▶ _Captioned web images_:
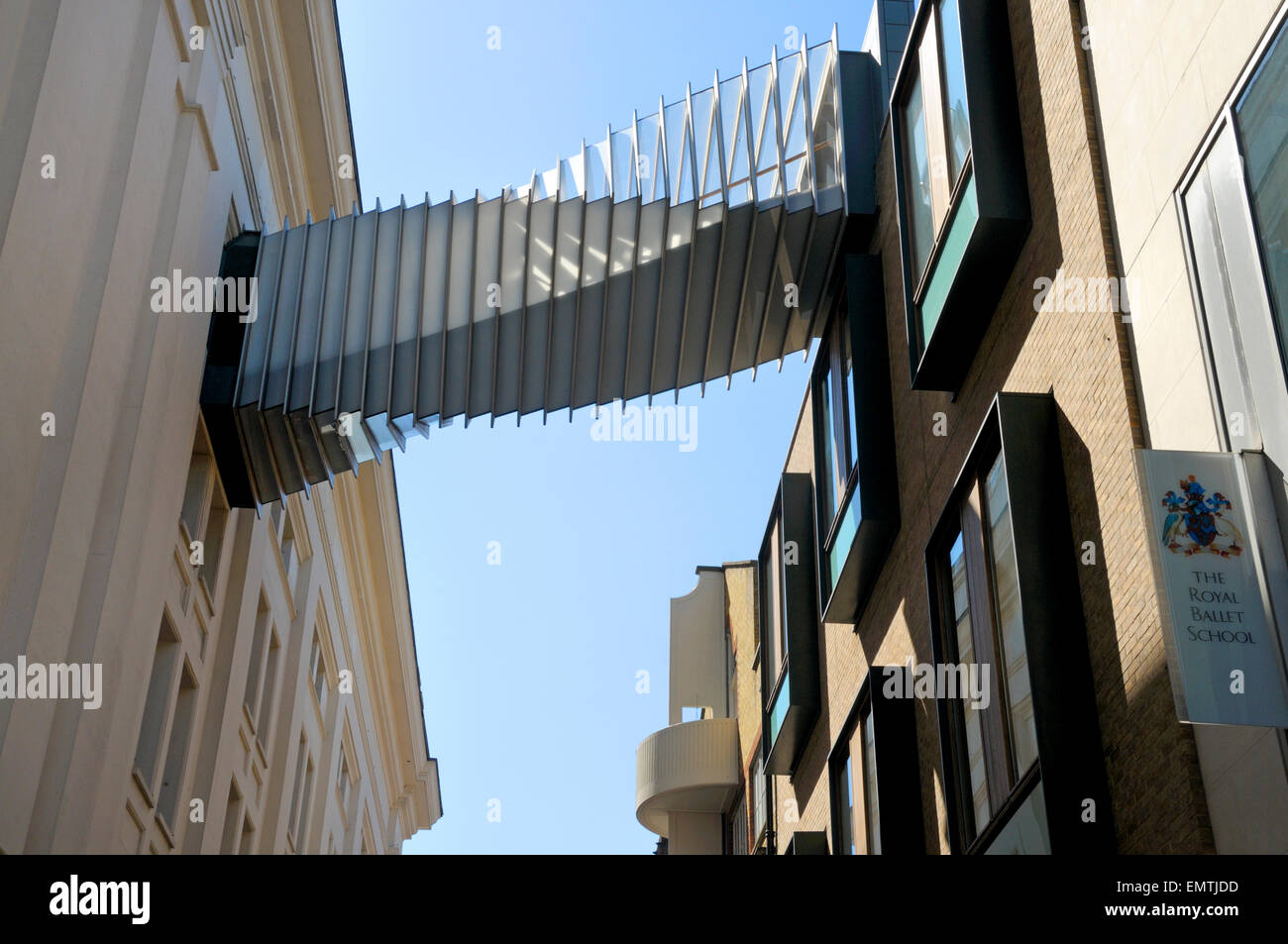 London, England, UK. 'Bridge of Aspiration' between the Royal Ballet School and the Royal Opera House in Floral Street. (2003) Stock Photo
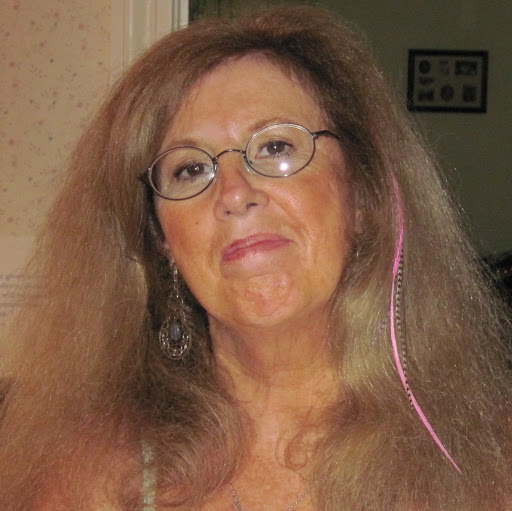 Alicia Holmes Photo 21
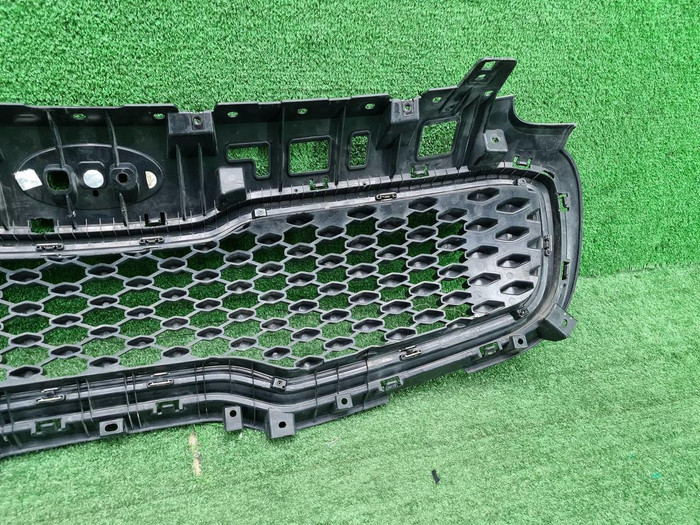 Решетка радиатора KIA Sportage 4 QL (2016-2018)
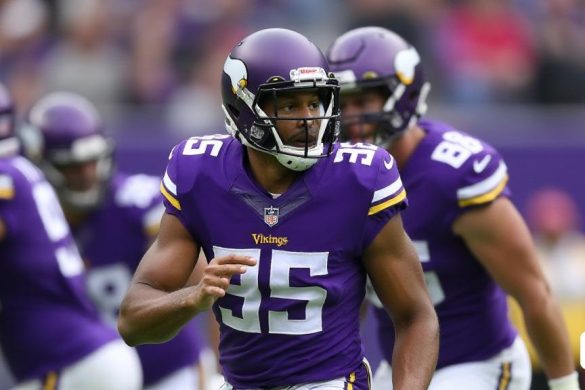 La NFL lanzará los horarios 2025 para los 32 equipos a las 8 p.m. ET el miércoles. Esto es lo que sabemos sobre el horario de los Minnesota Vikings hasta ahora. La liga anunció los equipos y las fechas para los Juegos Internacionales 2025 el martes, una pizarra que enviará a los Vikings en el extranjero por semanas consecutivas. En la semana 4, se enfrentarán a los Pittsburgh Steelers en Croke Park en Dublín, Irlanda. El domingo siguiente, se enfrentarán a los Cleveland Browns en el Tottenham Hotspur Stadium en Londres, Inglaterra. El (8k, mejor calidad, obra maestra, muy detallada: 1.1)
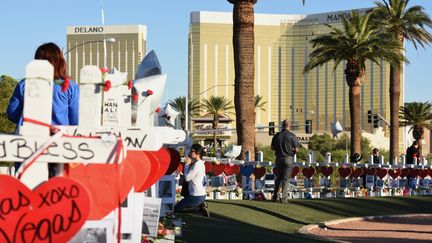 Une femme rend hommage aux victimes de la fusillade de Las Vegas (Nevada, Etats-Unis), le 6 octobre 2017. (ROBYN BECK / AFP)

▶ _TASK OBJECTIVE_: Each entry above should be copied word for word, with the images omitted.

▶ _EXERCISE ANSWER_:
 London, England, UK. 'Bridge of Aspiration' between the Royal Ballet School and the Royal Opera House in Floral Street. (2003) Stock Photo
 Alicia Holmes Photo 21
 Решетка радиатора KIA Sportage 4 QL (2016-2018)
 La NFL lanzará los horarios 2025 para los 32 equipos a las 8 p.m. ET el miércoles. Esto es lo que sabemos sobre el horario de los Minnesota Vikings hasta ahora. La liga anunció los equipos y las fechas para los Juegos Internacionales 2025 el martes, una pizarra que enviará a los Vikings en el extranjero por semanas consecutivas. En la semana 4, se enfrentarán a los Pittsburgh Steelers en Croke Park en Dublín, Irlanda. El domingo siguiente, se enfrentarán a los Cleveland Browns en el Tottenham Hotspur Stadium en Londres, Inglaterra. El (8k, mejor calidad, obra maestra, muy detallada: 1.1)
 Une femme rend hommage aux victimes de la fusillade de Las Vegas (Nevada, Etats-Unis), le 6 octobre 2017. (ROBYN BECK / AFP)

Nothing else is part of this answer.